Doug Surra poses with a Buckeye State Bruiser harvested during the Ohio Archery season with a crossbow.

Ohio does not have a rifle season. I am not advocating for Pennsylvania to do away with its rifle season but Ohio’s lack of a rifle season has its advantages. As you can see on page 5 of the Ohio Hunting and Trapping Regulations 2012 – 2013 Ohio has a long archery season with full crossbow inclusion and two very brief early and late season muzzleloader and shotgun seasons. Ohio hunters have less opportunity to harvest deer with a gun which reduces the amount of deer taken outside of bow range. This leads to an older more mature buck population, which in turn leads to bigger bucks and draws the likes of hunters like myself searching for trophy whitetail.

Ohio does not allow for spotlighting after dark. This not only significantly diminishes the amount of deer killed by poachers by removing the tool many of them use to hide under the cover of darkness, it also has the added bonus of forcing hunters to get out of their vehicles and into the woods during daylight hours to scout for their hunting location, making finding a bruiser more difficult, and reducing hunting pressure generated by lazy, fair weather hunters. Spotting is a long-standing tradition in Pennsylvania and any effort to outlaw this activity would face strong opposition. I have to admit I have more than my fair share of memories cruising through rural Elk Co. spotting deer in my father’s beat up Dodge Ram Charger, which he used to plow snow, with my uncle Steve and two brothers and I cherish those. However, the fact remains that Ohio’s law making spotting illegal coupled with a lack of rifle season equates to less wounded and illegally harvested deer and older more mature bucks.

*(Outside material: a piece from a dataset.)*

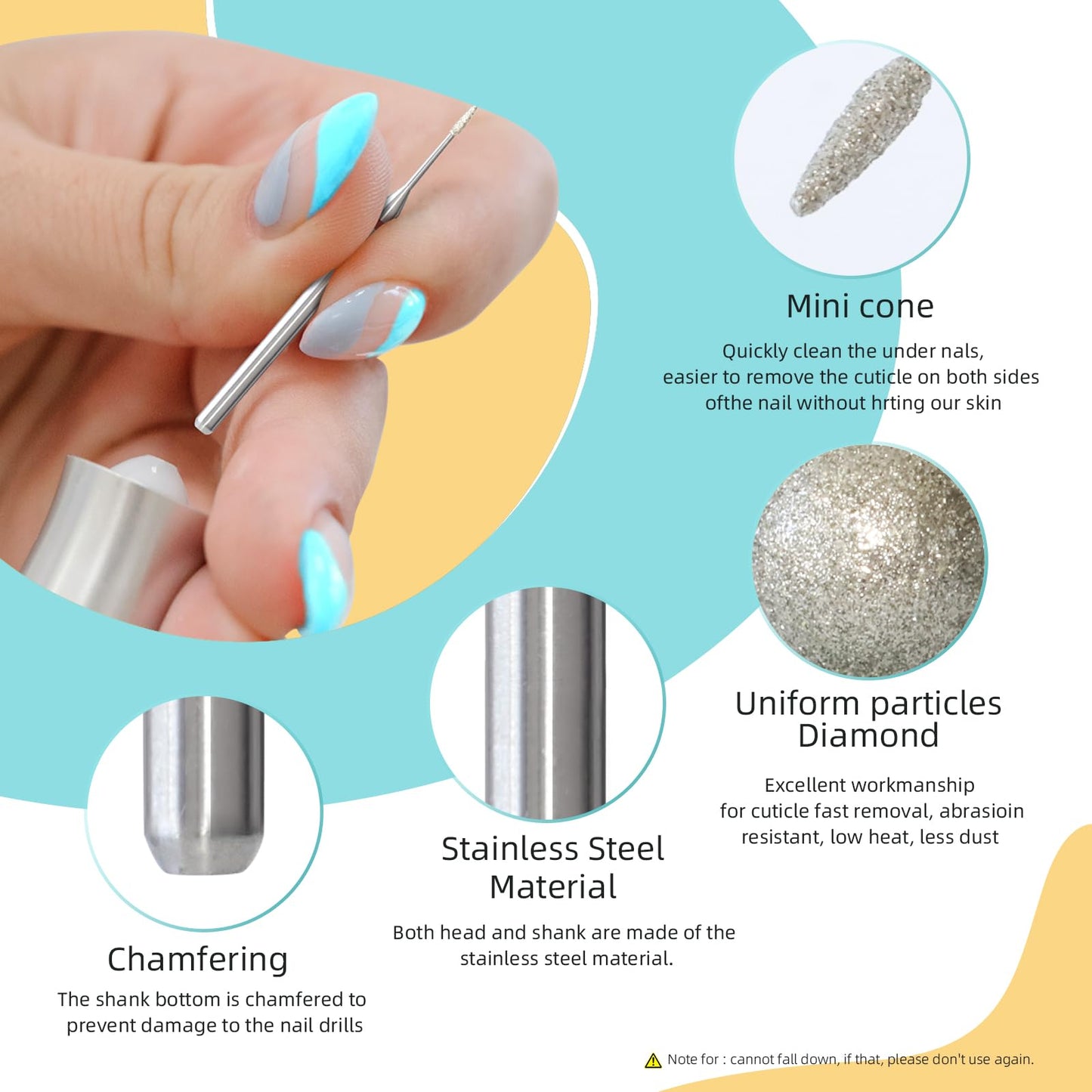 HYTOOS 1mm Mini Cone Cuticle Clean Nail Drill Bit, Nail Bits Professional Safety Under Nail Cleaner Burr for Cuticle Dead Skin, Electric Nails Drill Accessories, Fine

Tom Buterbaugh of Catching Chrome Angling Services (CCAS) downed this Ohio public land monster less than 6 miles from where the Surra buck was taken. Congratulaions Tom!

Ohio also allows Sunday Hunting while Pennsylvania remains bitterly divided on the issue. Ohio accomplished this feat by striking a compromise with private landowner’s and giving them more authority over their own land and adding stricter penalties for trespassing. Written permission is required for hunting and trapping on private land in the Buckeye State whether the land is posted or not. The maximum penalty for hunting without written permission of the land owner for a first offense is 60 days in jail and a $500 fine. Jail time increases to 90 days with a fine of $750 for second time offenders. PA landowners (AKA: The PA Farm Bureau) needs to stop saying NO to sunday hunting and support Ohio-like laws requiring written permission for hunting private land and increased penalties for trespassing.

Ohio residents do not despise the Ohio DNR and its deer management practices. Maybe that is due to Ohio having one government agency handling its natural resources while Pennsylvania has three OR maybe it is a result of a serious communication problem between Pennsylvania hunters and the Pennsylvania Game Commission. I think it is a bit of both but mainly the latter. Pennsylvania hunters do not trust the PGC and the PGC seems determined to ignore their outcries and discredit any input from its customers. The PGC’s unwillingness to both listen and act on behalf of hunters and their concerns is driving more hunters like myself out-of-state every year.


Purchase topographical maps of the county you wish to hunt. You can usually get what you are looking for at the Eastern Sports & Outdoors Show for a reasonable price ($40). Use these maps to select the public land you wish to hunt. Spend the first few days of your trip scouting and hanging treestands. You will be amazed at what a little prep work will do for your success rate.

Lastly, research room and board. A cheap hotel, campground, RV rental, or house/camp rental is only a click away. You dont need to live in luxury. A roof over your head and a warm place to stay dry will suffice.

The Surra and Buterbaugh bucks were killed during the same week within 6 miles of each other. With some planning and organization a Ohio destination hunt can be both fruitful and affordable. Plan a trip for 2013 and you could be holding your very own Buckeye State Bruiser next season.